Dear Lifehacker, It just so happened that I had my US proxy on while looking at Google Music. The Ultimate Santana album price read $6.99. Meanwhile, the Australian region price was $16.99 from the same exact service. This is same for whole long list of great albums. What gives? Tamborine Man
Image: David Gans
Broadly speaking, the sides of your wallet are what gives in this case. It’s no particular secret that the prices paid by Australians for digital services are significantly higher than in other areas around the globe. The US is the classic case where a lot of material is either available there but not here, or even when it is available it’s priced significantly higher than the stateside price.
So why does this happen? In one sense, it’s classic market economics. The digital music companies do it because by and large, the market will bear that kind of cost. Business exist to make profits, and if someone will pay more for your goods, you charge that for as long as you can. It’s worth bearing in mind that there’s also a significant quantity of buck-passing when it comes to who’s entirely responsible for pricing schemes, with sellers such as Google and Apple often pointing out that the prices are ultimately set by the record labels themselves.

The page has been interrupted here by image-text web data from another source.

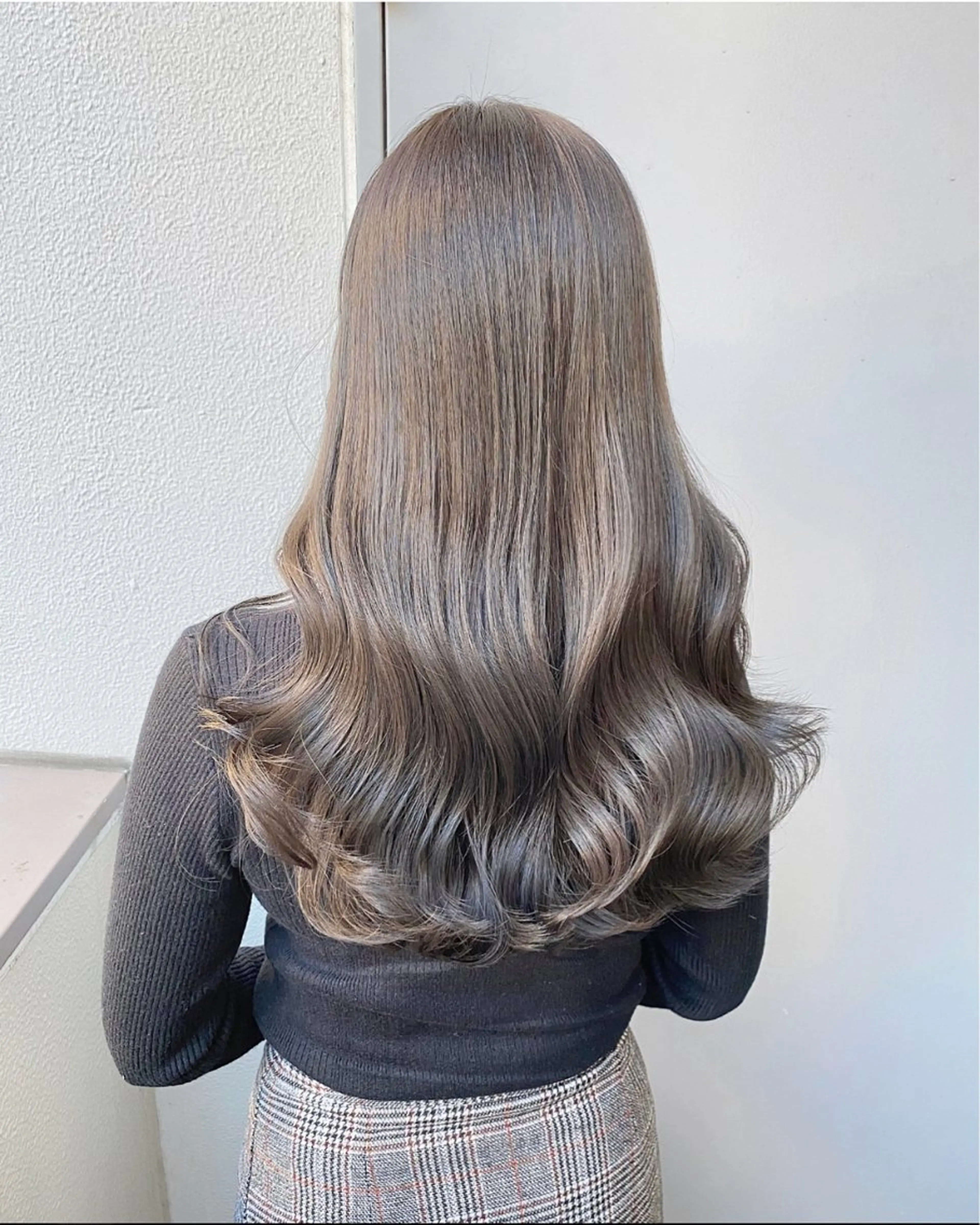 ロング カラー ヘアカラー トリートメント 🔷似合わせのプロ KUMA🔷のヘアスタイル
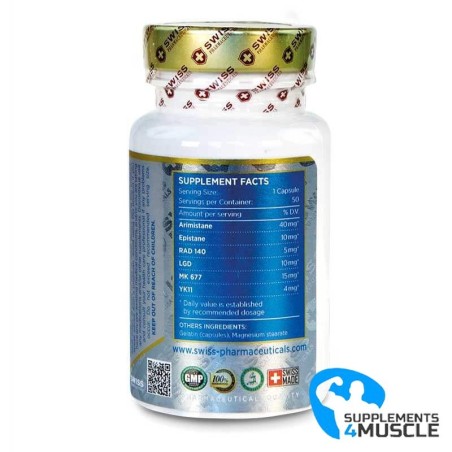 Swiss Pharmaceuticals GIGATROPIN 50caps | Supplements4muscle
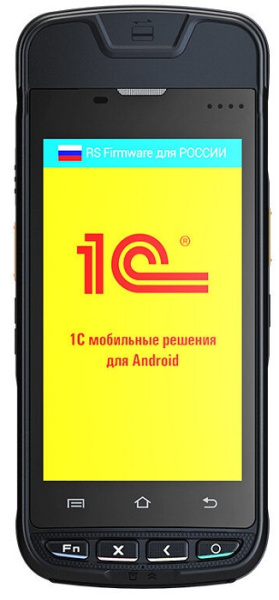 Изображение товара Мобильная касса Urovo MC9000S с термопринтером для платежей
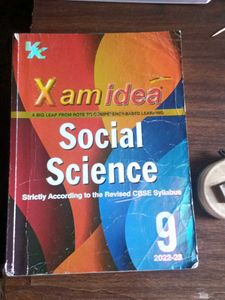 Xamidea Social Science - Class 9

The market pricing issue is an economic argument, but is there much behind it to support it? There are some small scale issues to deal with — for example, different tax regimes in differing countries, so in the US, for example, online prices are never listed with sales tax included because it varies state by state, whereas in Australia everything is covered by a blanket GST that’s apparently going to drop to the level where it could hit digital music sales as well.
There are also some arguments about the relative value of currency, not just in terms of exchange rates, but also the level of average wages, which are higher in Australia than in the States, so a US wage doesn’t go as “far” as one in Australia for the same numerical money value.
Still, in a digital world, those arguments should only go so far. Justifying a 243 per cent price hike shouldn’t be amongst them, given that the costs of distribution for digital bits are significantly lower than with any physical goods.
The short answer is that they rip off Australians because they can.